But Verleger also believes that new EPA requirements imposed on refiners to reduce the amount of sulfur in diesel fuel has had the unintended consequence of causing more refinery outages. Removing the sulfur appears to require running the refining units harder and at higher temperatures and higher pressure, possibly leading to some refining problems.
In its April report, The International Energy Agency wrote, "Anecdotal evidence suggests refinery reliability is deteriorating due to existing sulphur removal requirements, lowering average utilization rates … the need to run these units harder to meet the tighter specifications is leading to a higher incidence of unit failures, posing additional problems for refiners."
Translation: Requirements to reduce sulfur level could be reducing overall refining capacity.
Consumer Groups Weigh In
Groups such as the Consumer Federation of American blame oil company mergers during the past several decades for reducing the number of refiners to the point that a there is now a "domestic oil oligopoly."
The CFA's Mark Cooper argues refiners have underinvested in refining capacity and reduced gasoline inventories to the point that they cannot perform any maintenance without gasoline prices increasing, along with profits.
"If you give them [the refiners] the benefit of doubt, then they have horribly mismanaged this industry. They can't switch from winter to summer fuels without driving up the price a buck and they get away with it," Cooper said. "In a competitive industry they wouldn't get away with it."
Cooper will testify before Congress on May 16, and in his prepared testimony wrote, "The profitability of refining operations in the U.S. has grown far faster than the profitability of their overseas refiners."
"There are no bottlenecks in refineries," said Charles Drevna, executive vice president of the National Petrochemicals Association, the refiners' trade group. "Earlier on this spring, there were more outages than we would normally see, but they are pretty much coming back on line now."
Drevna said delayed maintenance of refineries was an issue currently because refinery workers had shifted from scheduled repairs to service gulf refineries damaged by hurricanes Katrina and Rita. Now, those workers are catching up with delayed maintenance projects.
But even with the planned and unplanned outages, Drevna stressed, "We are doing our utmost best to crank out as much product — gasoline and diesel — as we can. We are continuing to provide that product and the marketplace dictates what has happened at the pump."
He said the industry had been supplying refined product in the face of higher consumer demand.

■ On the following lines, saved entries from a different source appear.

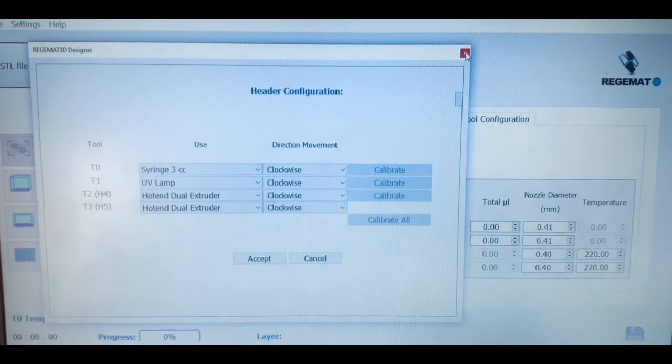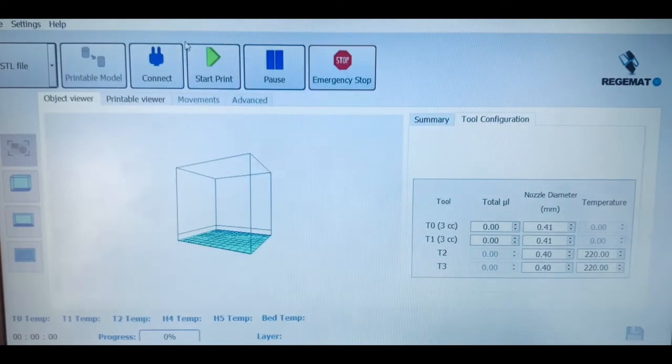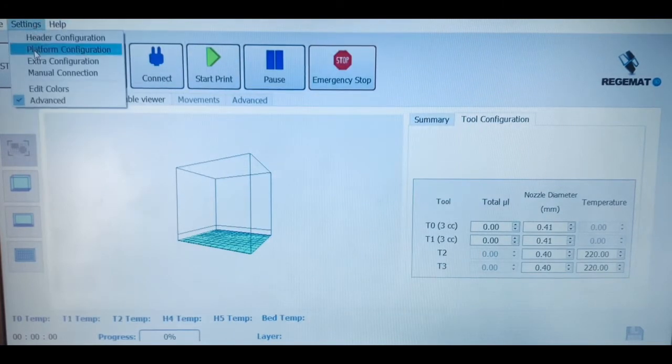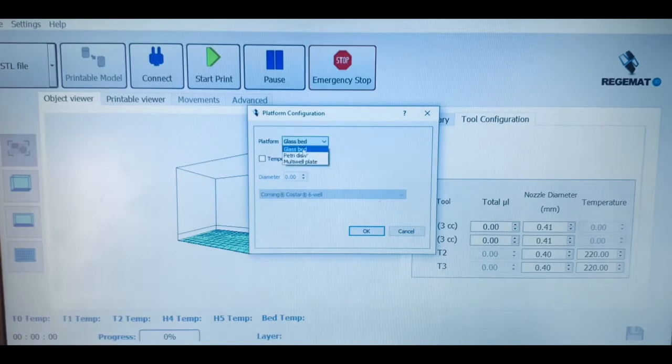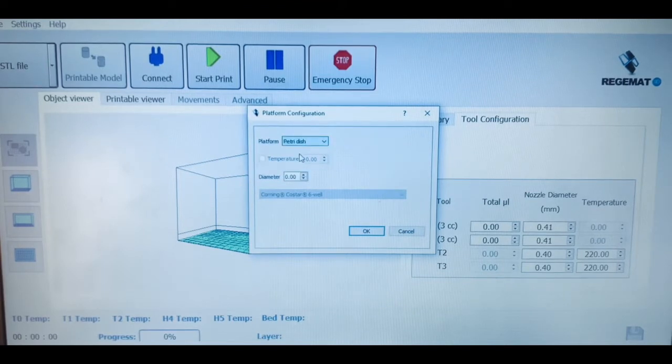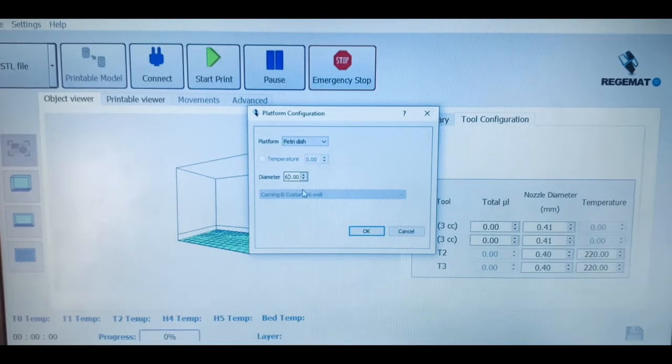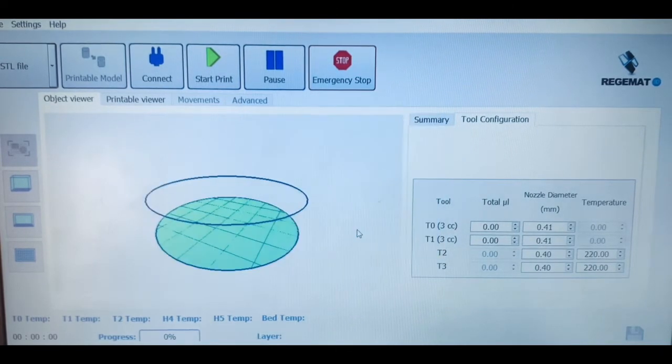And then we can go and select the printing platform in which we will culture our biological constructs. Here we have all formats available, from regular petri dishes to brand-specific multi-well plates, including from 6 to 96 well formats.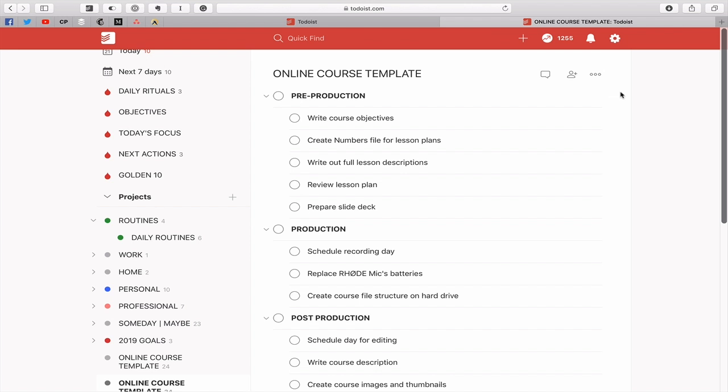Okay hopefully this has given you some wonderful ideas about how you can use templates in Todoist and it just remains for me now to wish you all a very very productive week.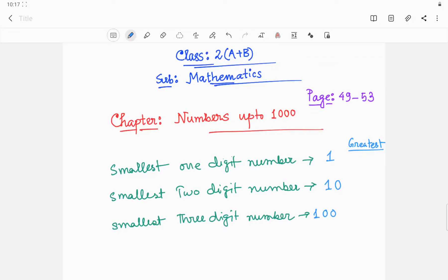Dear students, welcome back to my channel. This video is for the students of Class 2A and also Class 2B. I hope all of you are keeping well. We were discussing Chapter 3, that is Numbers Up to One Thousand. In the previous video session we already discussed three-digit numbers up to 999, and I also gave some home task — I told you to write all the numerals in your book. I hope you have already completed that.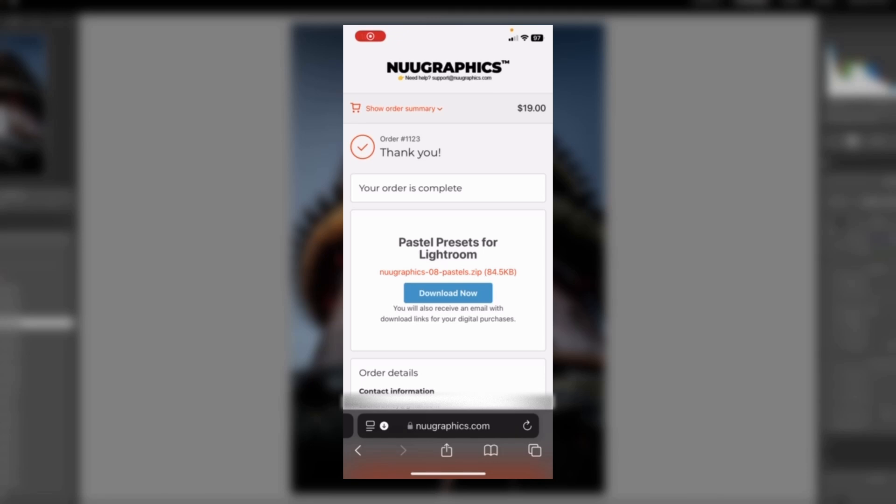Here's how to import presets into Lightroom Mobile in 2024. First, find some mobile presets and download them.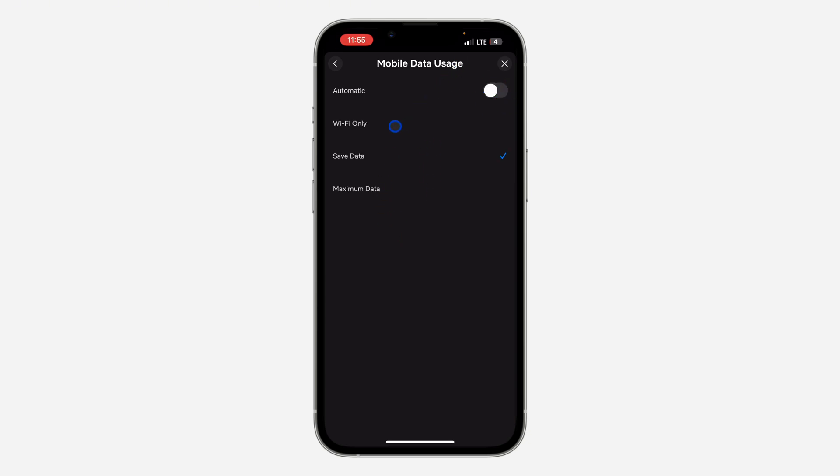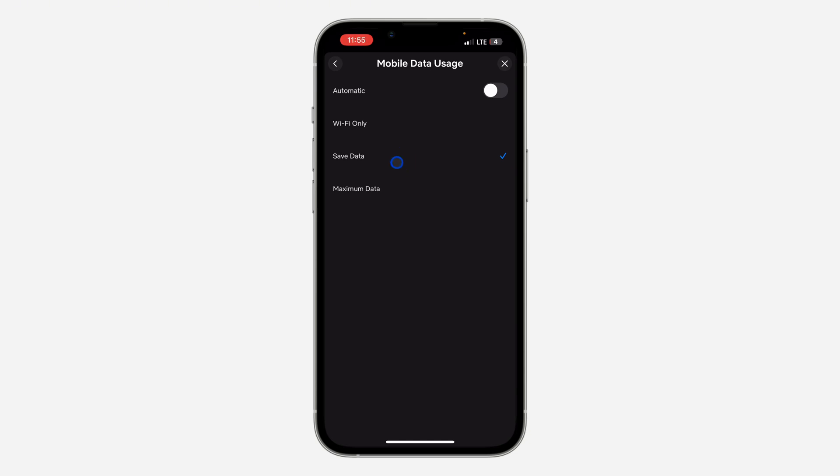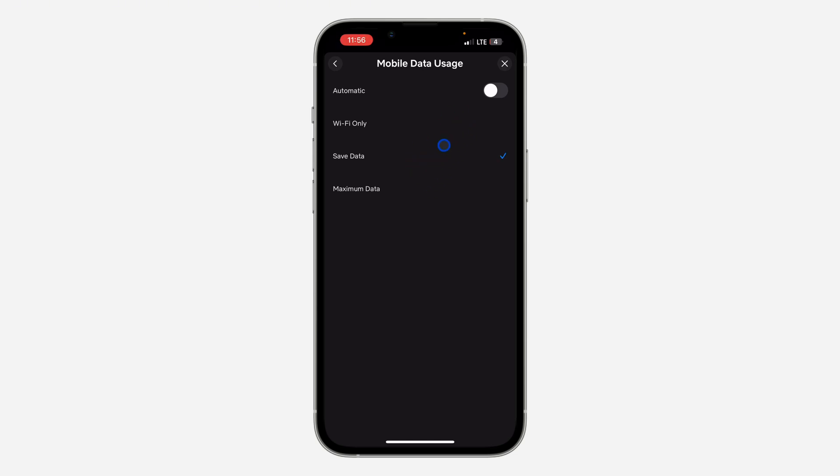So you can allow Netflix to use mobile data only when you are on wifi. And you can also select save data. So this save data reduces the mobile data usage of your Netflix application. So if it is set to maximum data, it's going to be using a lot of your data. So just select save data, and this is going to reduce the data usage of the Netflix app.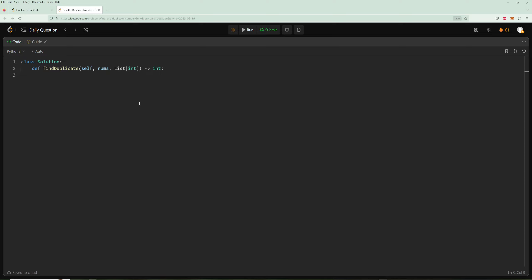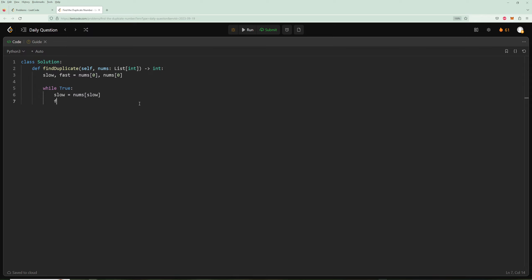Now let's code it up. We start with slow and fast both equal to nums[0]. We use a while True loop to ensure they move at least once before we compare. Inside the loop: slow = nums[slow] to move it one step, and fast = nums[nums[fast]] to move it two steps. We always move to the index stored at the current position in the array — that's how the linked list traversal works.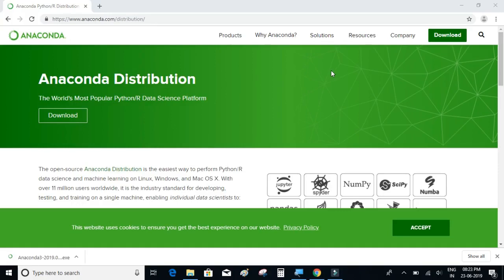Hello everyone, so in this video we are going to install Python on our machine, more specifically we are going to install the Anaconda distribution of Python.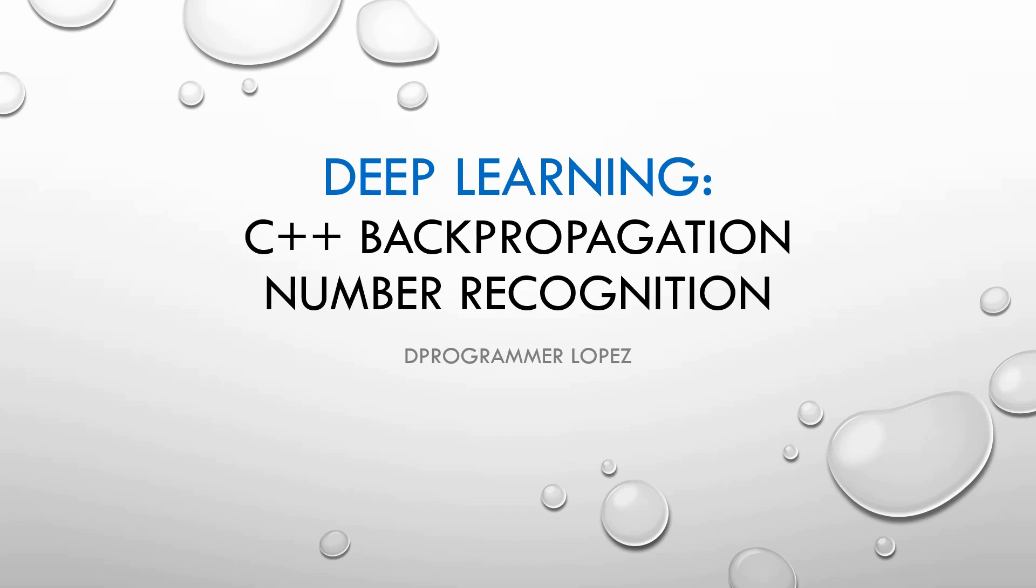Hello, welcome back. Today I'm showing you a neural network implementation in a number recognition program.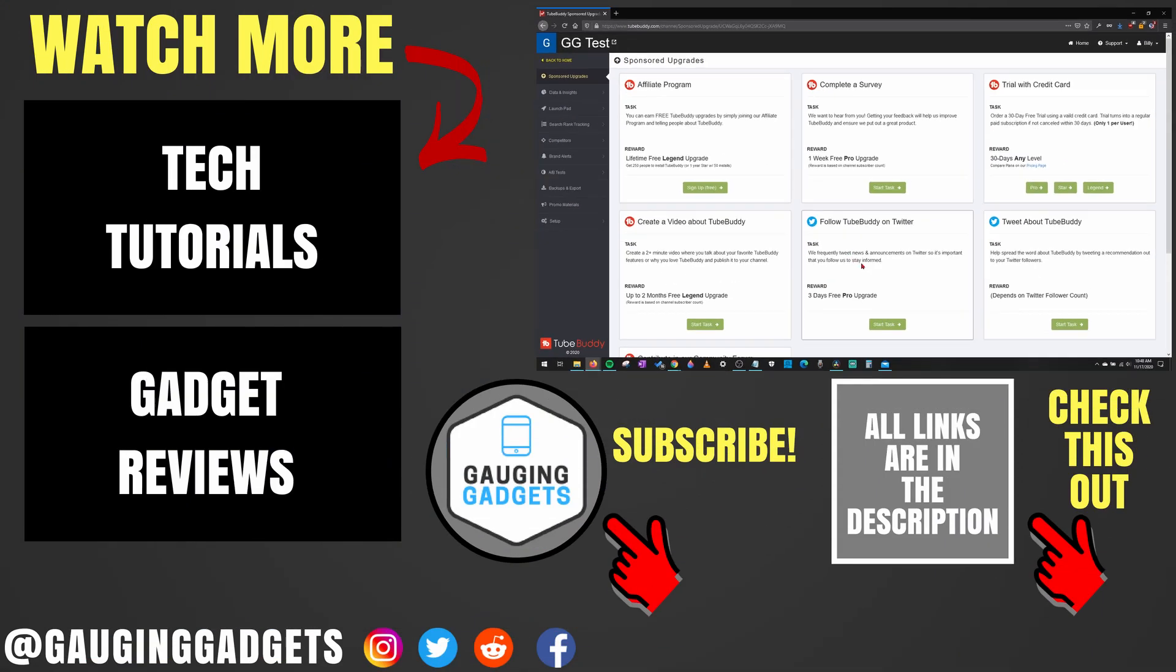All right, so that's how you get a 30-day free trial of TubeBuddy Legend. If you have any questions about this, leave a comment below. I'll get back to you as soon as I can. If you'd like to see more TubeBuddy tutorial videos, check the links in the description. If this video helped you, give it a thumbs up. And please consider subscribing to my channel, Gauging Gadgets, for more gadget reviews and tech tutorials. Thank you so much for watching.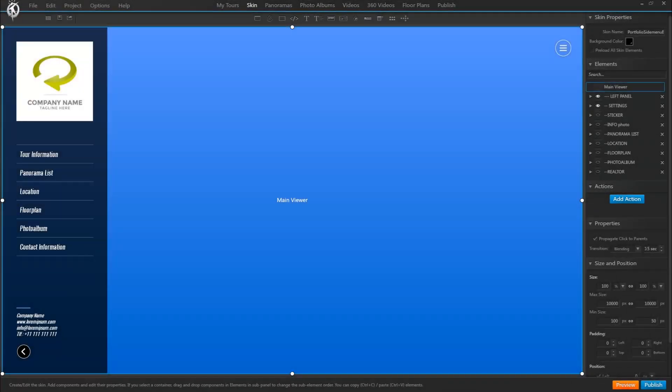Hi everyone! While the skin editor or skin tab in 3DVista Virtual Tour Pro always allowed you to create skins with an immense level of customization and detail, it did admittedly take a little bit of getting used to the structure and mechanics of using the editor.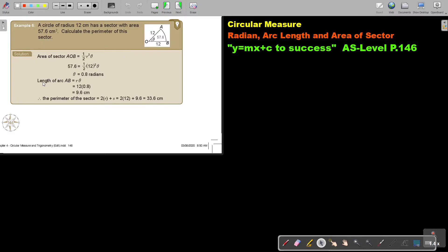And then I find the length of the arc AB, and I get 9.6. And then the perimeter will be 2 times the radius plus the arc length. I substitute that in and I get 33.6 cm.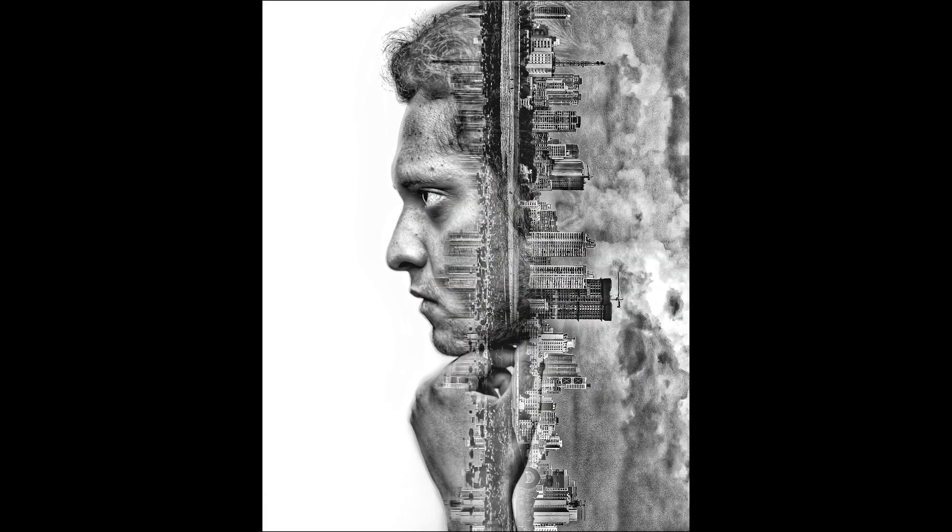In this video I'm going to show you guys how you can turn photos like this into this, and that too just by using your smartphone. So let's go.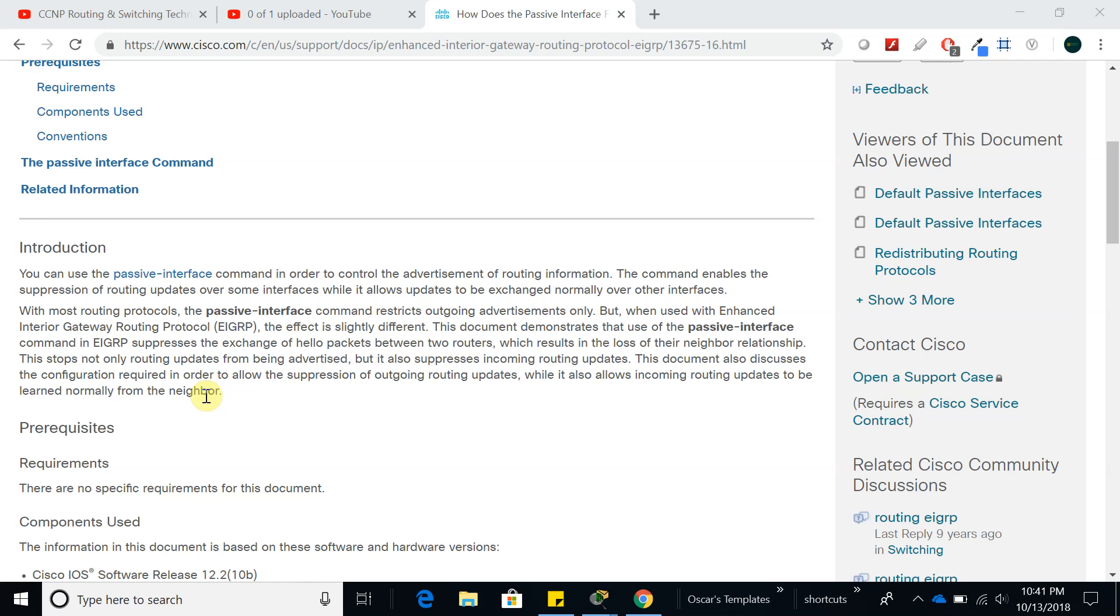We are going to keep talking about EIGRP and in this video we are going to talk about passive interface and what passive interface does.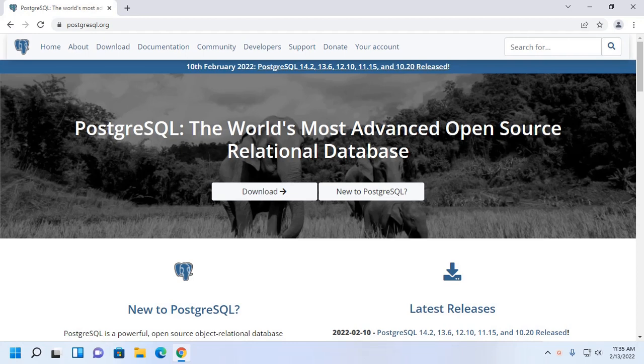Welcome to this channel. This is a complete tutorial. Here you will learn how to download and install PostgreSQL and PGAdmin on Windows 11. Let's get started.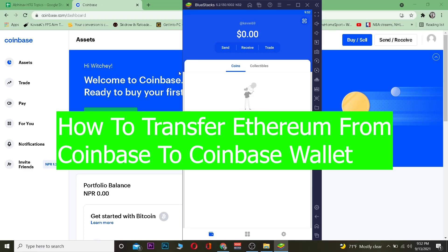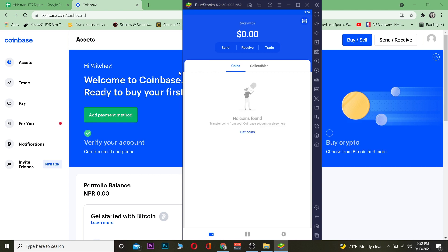Good morning and good afternoon everybody, it's me Vichy Kevin and you're watching Hard Guide YouTube channel. In this video I'm going to be teaching you guys how you can send your crypto from your Coinbase to Coinbase Wallet. Coinbase is a place where you guys can buy and sell crypto, and Coinbase Wallet is a place where you can play dApps — decentralized apps or decentralized games — and store your crypto.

Finally, as prices for gasoline have risen to record highs, "It makes no sense for refiner not to be running."
Why Not Build a New Refinery?
Financing, permits, environmental concerns and the securing of oil supplies are all substantial hurdles for any company to construct a new refinery.
"Clean" refineries are expensive, and despite recent profits the refinery business has traditionally been low profit margin business. The last refinery was built in 1976 in Garyville, La.
Arizona Clean Fuels hopes to construct a new refinery near Yuma, Ariz., at a cost of $3.5 billion. According to press reports, the company hopes to be up and running in 2011. Nearly two years ago, the company's CEO told ABC News' Betsy Stark he hoped to be up and running in 2010.
But even a new refinery won't solve the current situation.
"We can't build more refineries to get out of this," said Verleger.